Pada proyek kali ini kita akan berupaya membaca craft sebagai gramatika tubuh atau melihat dimensi performativitas dan interaktivitasnya. Sudah cukup banyak kajian maupun praktik yang menautkan antara craft dengan performance. Ini sangat terkait dengan bagaimana craft direspons sebagai medium artistik, yang dibedakan dengan model renspons di dalam fine arts. Performance bisa dibilang menjadi salah satu cara untuk mengangkat craft dari sekadar benda fungsional menjadi sesuatu yang bisa dibicarakan secara luas.

Di dalam fine arts, evaluasi estetis itu disebut “respons estetis”–artinya kita menilik kriteria estetis (kriteria formalnya) dan karakter semantik (interpretasi) dari sebuah karya. Model seperti ini sebenarnya bias, sebab tidak memberi ruang pada medium artistik yang berwatak fungsional semacam craft. Karena itu di dalam craft digunakan model respons yang berbeda, disebut “meta-respons”. Dengan pendekatan ini, estetika craft bisa dibaca, tidak dalam kategori formal saja, tetapi juga dari proses dan interaksinya dengan publik–atau respons estetis lewat aktivitas fisikal.

Craft sangat lekat dengan aktivitas fisik atau tubuh, entah di dalam proses kreasi maupun saat ia difungsikan. Itu lebih karena craft menubuh di dalam keseharian kita; pakaian, gelas, tas, keramik, desain dan arsitektur, dlsb. Jadi tidak semata sesuatu yang sifatnya ornamental atau dekoratif, tetapi juga dipergunakan di dalam keseharian. Sejumlah kajian berupaya menerjemahkan gagasan tersebut, misalnya yang dilakukan Richard Sennett dengan melebarkan gagasan tentang labour power dalam craft yang dikaitkan dengan proses kerja yang ‘know how’. Gagasan tersebut mengandaikan bahwa tangan (keterampilan), alat yang digunakan, dan pikiran saling beresonansi dalam proses kerja craft. ‘Praktik’ kerja craft menghubungkan manusia (pikiran dan tubuh) dengan benda (alat dan material).  Hanya saja, gagasan ini terlalu bertumpu pada ‘praktik’ pembuatannya, bukan produk yang dihasilkan dan efek lain yang mungkin muncul setelahnya.
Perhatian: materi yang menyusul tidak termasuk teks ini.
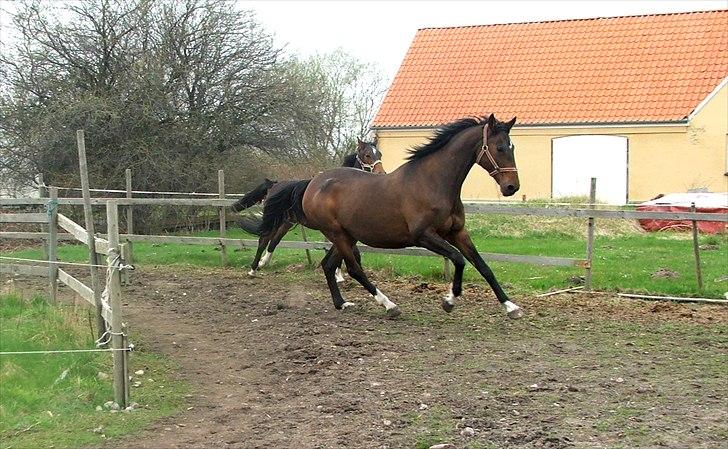 Dansk Varmblod † Pachanga(Baby) † - april 11: Baby Løøøøøber:-P billede 4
Melalui proyek ini kita bermaksud untuk melihat dimensi yang lebih luas dari sekadar ‘praktik’ kerja craft. Kita mau mensimulasikan bagaimana ia diterjemahkan dan direspons, entah melalui bantuan medium lain di luar medium tradisional craft atau membuatnya hidup dengan menggali potensi interaktivitasnya. Sederhananya, ada produk dan ada respons atas produk itu. Bisa jadi juga melalui interelasinya dengan berbagai persoalan sosial. Ada salah satu perandaian yang mungkin bisa membantu kita untuk membayangkannya, yakni tradisi minum teh di Jepang (?? sad?, chad?, jalan teh).
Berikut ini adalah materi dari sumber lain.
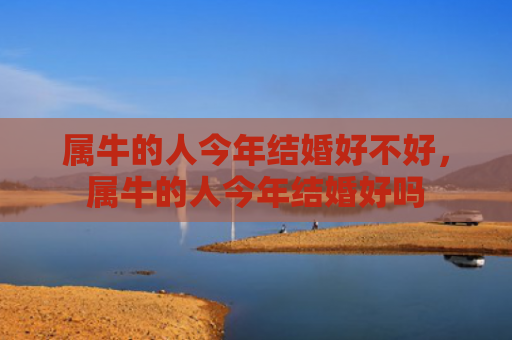属牛的人今年结婚好不好，属牛的人今年结婚好吗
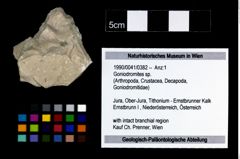 Foto (Objekt + Etikett) von Goniodromites sp.  (NHMW-GEO-1990-0041-0382)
Barangkalai contoh ini sedikit simplistik, tetapi sedikit banyak mengilustrasikan posisi craft dalam kaitannya dengan tubuh secara sosial atau kultural. Tradisi minum teh di Jepang (atau kawasan lain) bukan sekadar aktivitas konsumsi, melainkan juga sebuah peristiwa kultural. Dalam tradisi itu kita bisa melihat berbagai fitur yang membangun makna tentang aktivitas meminum teh; dari benda yang digunakan hingga sikap tubuh saat aktivitas itu berlangsung.
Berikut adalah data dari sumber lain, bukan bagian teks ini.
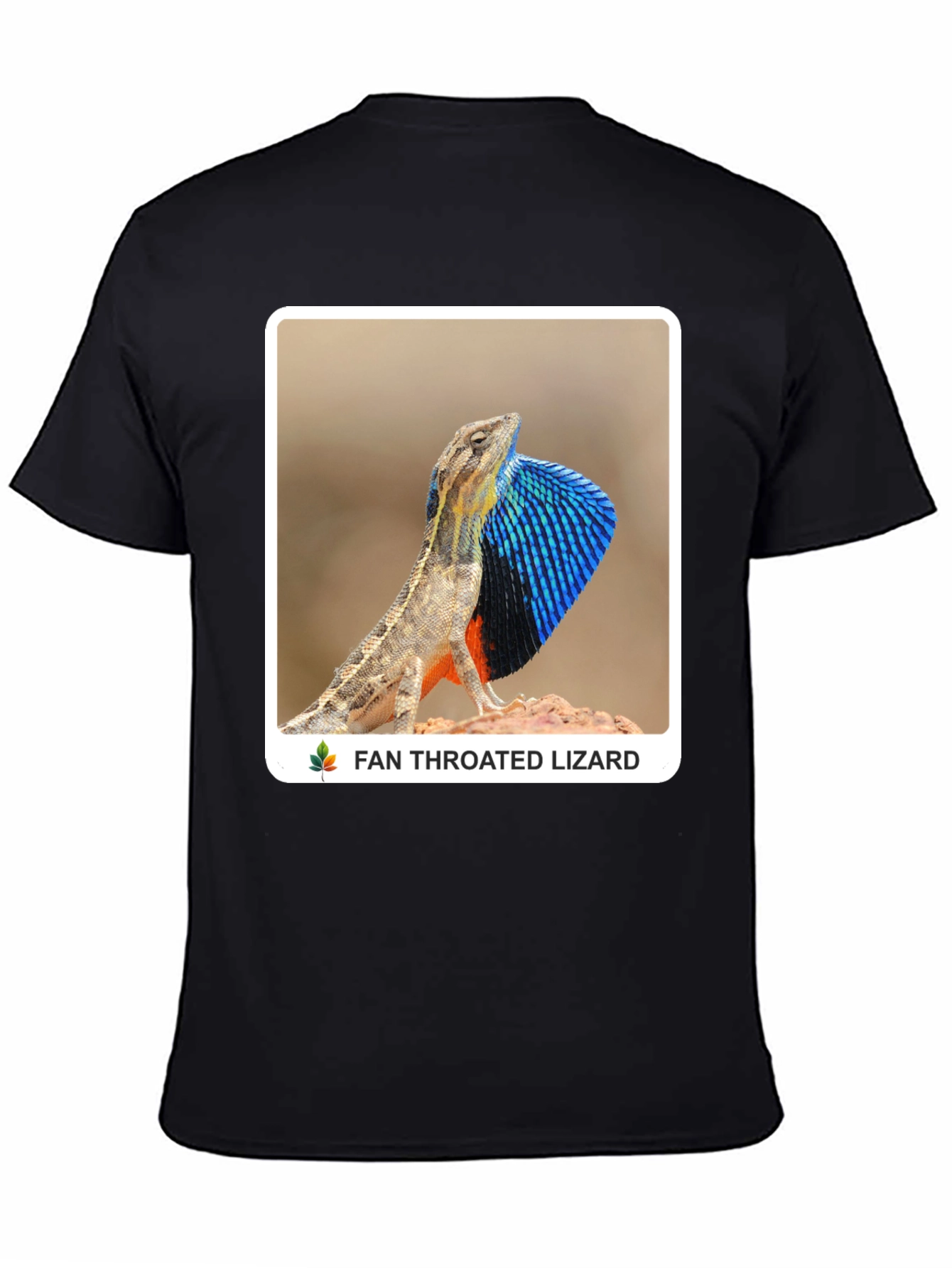 Fan Throated Lizard Graphic T-Shirt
Proyek ini barangkali sedikit spekulatif. Namun spekulasi selalu tetap diperlukan untuk mencari bentuk-bentuk artistik baru. Selain itu, cukup banyak potensi yang mungkin kita eksplorasi. Harapannya, kita bisa mengurai sedikit demi sedikit potensi-potensi itu sehingga kelak bisa menjadi satu wacana yang utuh mengenai craft dalam konteks seni rupa kontemporer kita.